▸ Problem requirements
These records are to be written out exactly as they read, minus the pictures.

▸ Information given
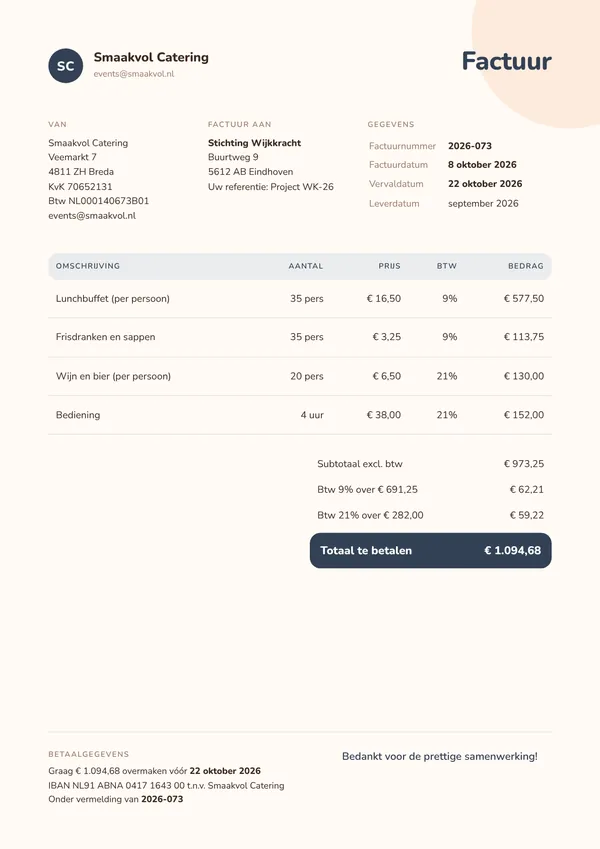 Voorbeeld factuur van een cateraar voor producten met 9% en 21% btw, met de btw per tarief apart uitgesplitst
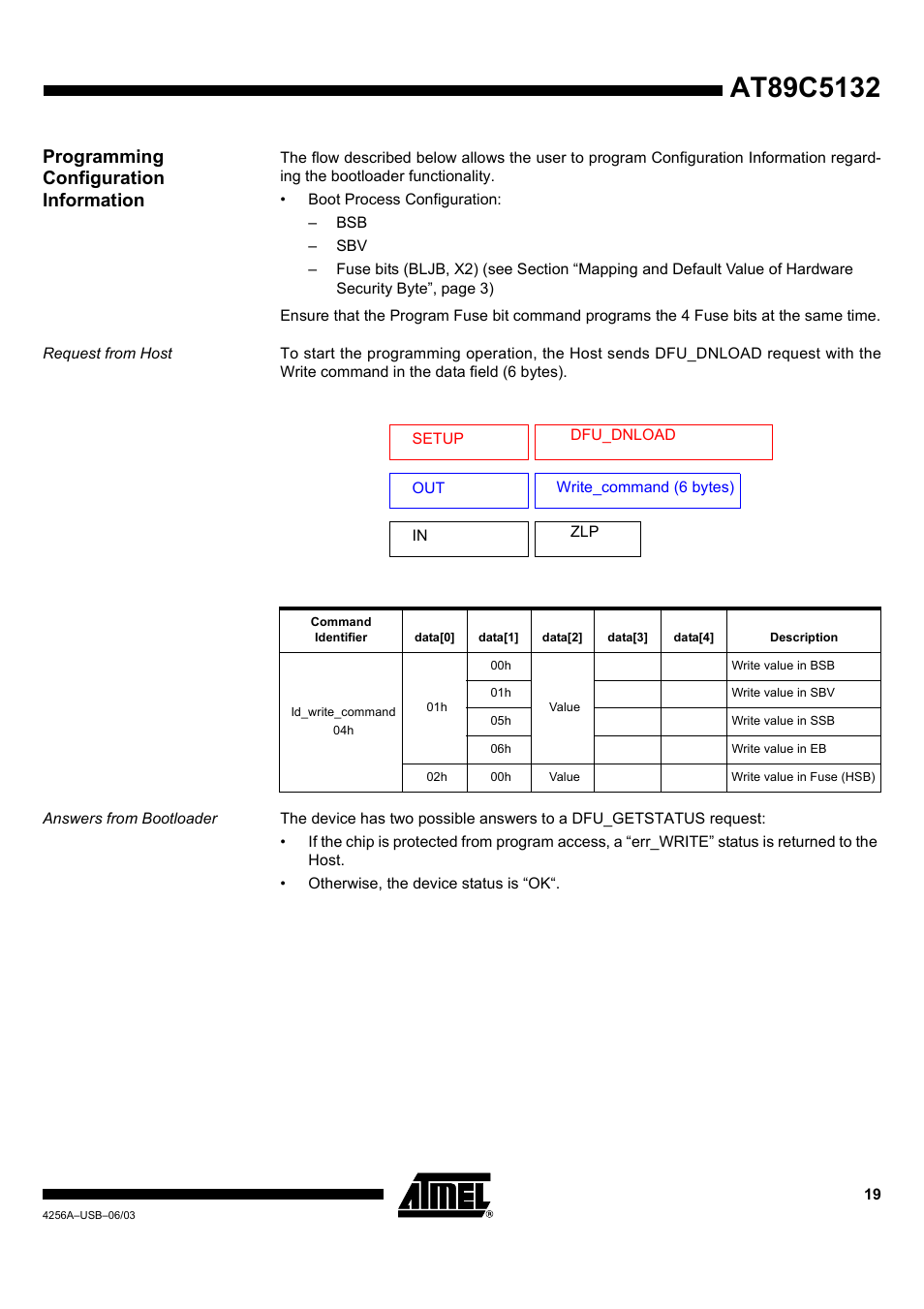 Programming configuration information, Request from host, Answers from bootloader | Rainbow Electronics AT89C5132 User Manual | Page 19 / 31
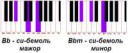 akkordy-b-dur-i-b-moll[1]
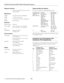 Page 2EPSON PowerLite 5500C/7500C Multimedia Projector
2 - PowerLite 5500C/7500C Multimedia Projector2/99 Repeater Interface
Supports Xantech®IR repeaters, 3.5mm
stereo mini-jack
Mechanical
Height 3.6 inches (93 mm), including feet
Width 9.3 inches (236.2 mm)
Depth 13.6 inches (345.4 mm), including lens
Weight 9.4 lb (4.2 kg)
Electrical
Rated frequency 50/60 Hz
Power supply 100 to 120 VAC, 2.2 A, 50/60 Hz
200 to 240 VAC, 1.0 A, 50/60 Hz
Power
consumption Operating: 220 W
Standby: 30 W
Environmental
Temperature...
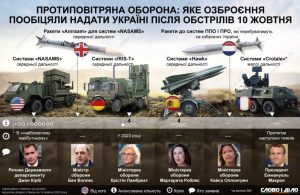 Ракетні удари по Україні: які системи ППО обіцяли надати союзники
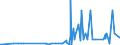 KN 29335400 /Exporte /Einheit = Preise (Euro/Tonne) /Partnerland: Schweiz /Meldeland: Eur27_2020 /29335400:Derivate von Malonylharnstoff [barbitursäure] und Ihre Salze (Ausg. Salze von Malonylharnstoff)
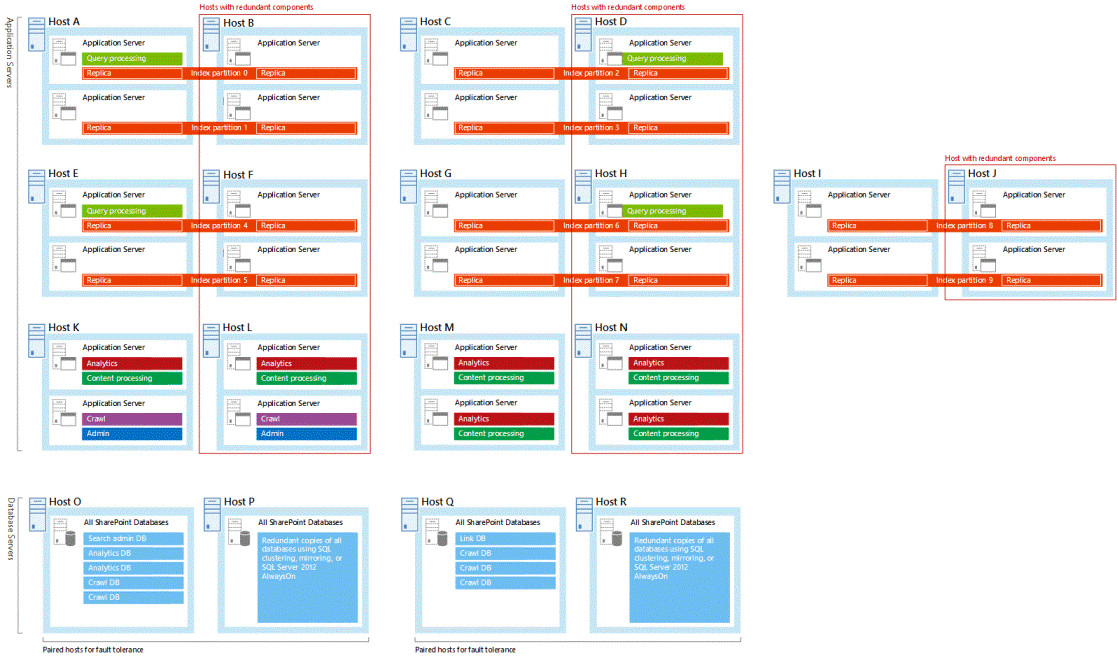 Diagramm einer großen Unternehmenssuchfarm, das angibt, welche Server redundante Suchkomponenten hosten.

▸ The answer
 Voorbeeld factuur van een cateraar voor producten met 9% en 21% btw, met de btw per tarief apart uitgesplitst
 Programming configuration information, Request from host, Answers from bootloader | Rainbow Electronics AT89C5132 User Manual | Page 19 / 31
 akkordy-b-dur-i-b-moll[1]
 Page 2EPSON PowerLite 5500C/7500C Multimedia Projector
2 - PowerLite 5500C/7500C Multimedia Projector2/99 Repeater Interface
Supports Xantech®IR repeaters, 3.5mm
stereo mini-jack
Mechanical
Height 3.6 inches (93 mm), including feet
Width 9.3 inches (236.2 mm)
Depth 13.6 inches (345.4 mm), including lens
Weight 9.4 lb (4.2 kg)
Electrical
Rated frequency 50/60 Hz
Power supply 100 to 120 VAC, 2.2 A, 50/60 Hz
200 to 240 VAC, 1.0 A, 50/60 Hz
Power
consumption Operating: 220 W
Standby: 30 W
Environmental
Temperature...
 Ракетні удари по Україні: які системи ППО обіцяли надати союзники
 KN 29335400 /Exporte /Einheit = Preise (Euro/Tonne) /Partnerland: Schweiz /Meldeland: Eur27_2020 /29335400:Derivate von Malonylharnstoff [barbitursäure] und Ihre Salze (Ausg. Salze von Malonylharnstoff)
 Diagramm einer großen Unternehmenssuchfarm, das angibt, welche Server redundante Suchkomponenten hosten.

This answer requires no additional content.